Adele Stowe-Lindner On Strengthening Leadership And Governance Across Australia’s Community Sector

Adele Stowe-Lindner is Executive Director of Institute of Community Directors Australia, which delivers leadership and governance support to over 350,000 people in the for-purpose sector, annually, across Australia.

Adele has worked over two decades across homelessness, refugee support and educational equity in London and Melbourne. She holds a Master’s in Community Work from the University of London and a Master’s in Leadership from Deakin University

Adele’s career centres on scaling for-purpose organisations for innovation and impact and she currently enjoys serving on three community sector boards.

 

Adele discusses building confident and values-led governance, fostering leadership development within purpose-driven organisations, and why social cohesion, ethical decision making, and professional development are critical for the future of Australia’s not-for-profit sector.

 

Highlights from the interview (listen to the podcast for full details)
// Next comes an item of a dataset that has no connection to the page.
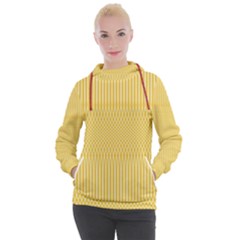 Saffron Yellow Color Stripes Women s Hooded Pullover by SpinnyChairDesigns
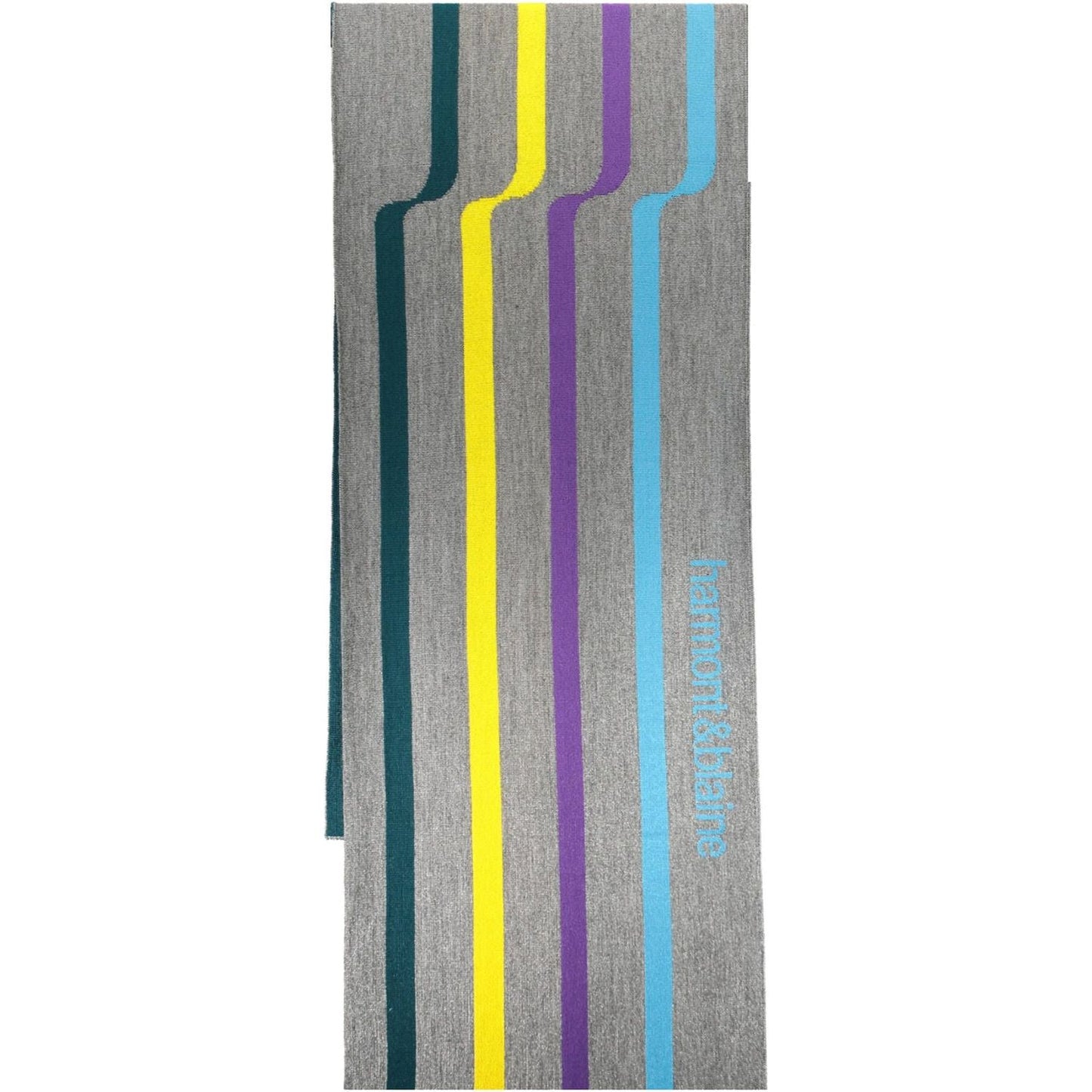 Harmont & Blaine | Classy Gray Wool-Blend Scarf with Embroidery| McRichard Designer Brands   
[Tom Allen] - To start off, can you please share a bit about your background and what led you to your passion for leadership and governance?

[Adele Stowe-Lindner] - I’ll separate each of these passions because I think I came to them separately. Like many people, my interest in governance initially stemmed from my own board roles. I’ve been on boards for over 13 years, as well as working in roles reporting to boards.

I commenced my first board role untrained, probably like many people, and very nervous. I gained a lot of experience through making many mistakes, again, like many listeners, I’m sure. For my next board role, I was invited to join the board as one of the much younger board members and one of very few women, and that had its own challenges. I learnt a huge amount in that context through the support of the chair and the CEO. All of these combined experiences drew me towards the position I’m in now and my passion for governance.

In terms of leadership, it was a much longer journey. I undertook my first leadership training at the age of 16 in a youth group setting, and it was absolutely love at first sight. Even then, I loved the creativity and potential of leadership, and the fact that you can often see results, not always, but often. I love being creative and having the opportunity to gently push from behind or alongside staff, beneficiaries, or organisations and see them flourish over time.

At 21, because of that opportunity as a youth leader, and because I’m very passionate about leadership opportunities for young people, I was running the youth organisation alongside my peers. That involved residential camps across Australia for hundreds of children aged eight to 18, weekly activities, budgeting, professional development, curriculum design, and even fixing broken infrastructure.

On that basis, I was recruited to the UK to do the same thing in a similar organisation. After working in leadership roles in charities supporting vulnerable populations, I gave myself the gift of undertaking a very nerdy master’s in leadership so I could deeply explore how leadership theory can be applied in practice.

Tell us more about the work you’re doing at the Institute of Community Directors Australia and how you support community leaders.

All of those different passions and experiences drew me to the work we’re currently doing.

At the Institute of Community Directors Australia, we support the development of skills, knowledge, confidence, community connections, and ethics within not-for-profit organisations. That includes all kinds of for-purpose organisations.

We deliver training in person, live online, and through self-paced modules to support governance and leadership training for not-for-profit boards, as well as for the senior staff who work with those boards.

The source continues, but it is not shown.